Data Processing

Data Parsing

F1 data isn’t quite as available as something like college football data, and at best I have only been able to find down to the lap. I have not found any source that will just let you directly download CSV files, and the most open one being ergast’s api for non-commercial use. The majority of the data used for modeling will likely have to come from web-scraping and/or parsing PDFs.

Data Tools

The data parsing tools exist in the formulapy.data module and any local files will go into the data folder that is outside the scope of the actual formulapy module. Local files, like fia pdf files, are ignored through the .gitignore file, so aren’t and cannot be included in the repository.

formulapy.data.fia.parsers.append_time_info(driver, idx, pos, row)[source]
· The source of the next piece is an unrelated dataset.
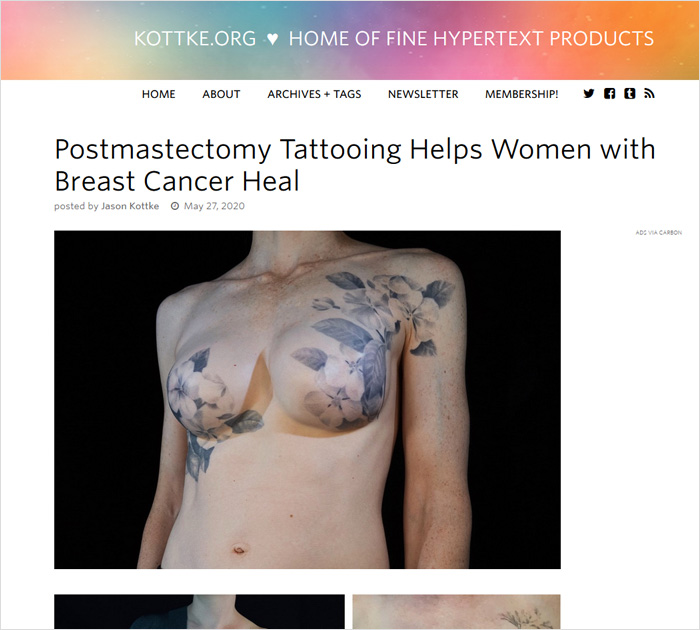 Kottke.org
Factors out some common logic for getting the time information for the driver based on their relative position in the row.

Parameters:
  • driver – dict with driver info
  • idx – the indices of the columns where times should be
  • pos – the last column that this driver shouldn’t have values past
  • row – the current row being processed
Returns:

None, driver dicts are modified directly, so no return required

formulapy.data.fia.parsers.format_times(t)[source]

Converts a list of time strings into a list of floats, representing the number of seconds for the given lap. Assumes the values are always minutes:seconds.milliseconds.
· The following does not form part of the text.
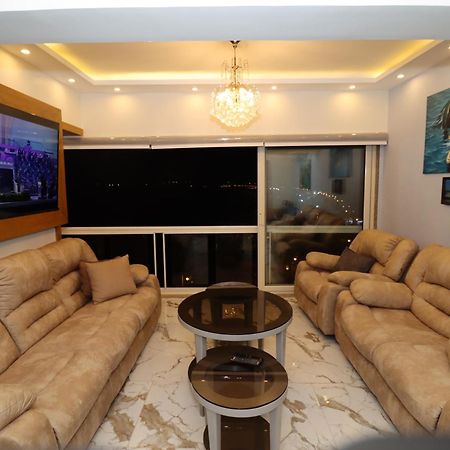 Beach Luxury Mamoura Private Beach Alexandria Exterior foto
Parameters:t – list of time strings
Returns:list of times as floats
formulapy.data.fia.parsers.get_drivers(table)[source]

Takes an input of a pdftable, corresponding to the data on one page of fia lap timing report from qualifications or practice. See Japan Qualifying Report for an example PDF that this function helps parse.

Parameters:table – pdftable from calling parse_laptimes()
Returns:
  • list of python dicts, where each dict represents one driver on this page
formulapy.data.fia.parsers.init_driver(driver_strings, driver_idx)[source]

Initializes the driver dict and stores values from the driver_strings into it, if they exist

Parameters:
  • driver_strings – tuple with driver number and name within it
  • driver_idx – 0, 1, or 2, representing the index of the 3 drivers processed at a time
Returns:

initialized driver dict, where empty if there was no info for the given idx

formulapy.data.fia.parsers.parse_laptimes(filepath)[source]

Parses a PDF of qualifying or practice report lap times from the FIA into data that we can further analyze. See an example at Japan Qualifying Report.

Parameters:filepath – a string pathname to the pdf on your local computer
Returns:
  • a pandas dataframe with column for number, name, and times
formulapy.data.fia.parsers.split_joined_times(t)[source]

Splits times that can sometimes be joined together based on how the PDF is formatted. If it doesn’t detect joined times, then it will just return the single time in a list.

Parameters:t – a string with likely times in it
Returns:a list containing individual times
formulapy.data.fia.parsers.split_num_str(s)[source]

Data Sources

When utilizing web-based data sources, you must be considerate and abide by their requests. This means that much of the data available cannot be directly rehosted. Here is a list of sources that could be used for gathering data to use in building models.